Programmierter Zielkonflikt

Die Verschärfung der individuellen Kriterien für die Zumutbarkeit einer Arbeitsaufnahme wird in der Praxis auf Schwierigkeiten stoßen. Sie ist jedenfalls für das Arbeitsamt personalintensiv und bedarf einer Änderung auch der Rechtsprechung bei gerichtlichen Überprüfungen von Entscheidungen. Ein wirksameres Signal wäre die Verkürzung der Bezugszeit der Arbeitslosenunterstützung auf zwölf Monate und die Zusammenfassung von Arbeitslosen- und Sozialhilfe. Das Arbeitsamt sollte die Betreuung der arbeitsfähigen Sozialhilfeempfänger übernehmen und somit die Gemeinden auch finanziell entlasten.

Schließlich muß die Reform der Bundesanstalt für Arbeit vollendet werden. Dabei kommt es zunächst darauf an, die unterschiedlichen Ziele für die diversen Aufgaben klar zu formulieren und durch institutionelle Abgrenzungen Zielkonflikte und Interessenkollisionen der handelnden Personen zu vermeiden. Dies kann durch getrennte Abteilungen oder durch die Schaffung unabhängiger Institutionen erreicht werden. Unabhängige Kontrollinstanzen sind gefordert. Es wäre besser, von der Drittelparität in den Gremien der Bundesanstalt Abschied zu nehmen.

Die Arbeitsvermittlung sollte im Wettbewerb zwischen öffentlichen Einrichtungen und privaten Firmen erfolgen.

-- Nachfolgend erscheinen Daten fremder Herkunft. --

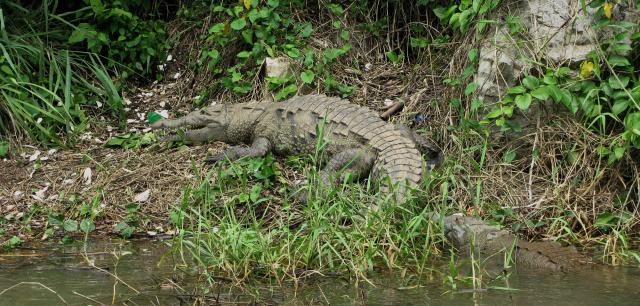 Basking crocs in Sumidero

Allerdings muss vor der Illusion gewarnt werden, private Vermittler könnten die Problemfälle unter den Arbeitslosen in absehbarer Zeit lösen. Die Profilierung der Arbeitssuchenden muss dagegen von einem öffentlichen Träger koordiniert werden, da nur so eine bundesweit flächendeckende Versorgung mit dieser Dienstleistung gesichert werden kann. Hier ist wichtig, nicht nur die für eine Vermittlung nötigen Qualifikationen zu erfassen, sondern auch das Risikopotential für eine Dauerarbeitslosigkeit einzuschätzen.

Die Verwendung von Steuergeldern zur Durchführung von arbeitsmarktpolitischen Maßnahmen - etwa zur Qualifizierung oder anderer aktiver Beschäftigungspolitik und für Wiedereingliederungshilfen - sowie die Auszahlung der zusammengefassten Arbeitslosen- und Sozialhilfe müssen ebenfalls staatlich organisiert bleiben. Keinesfalls sollten aber die Vermittlungsaufgabe und die Verteilung von Steuermitteln unter einem Dach bleiben, da der Zielkonflikt bei den Handelnden die Vermittlungsaktivitäten beeinträchtigt.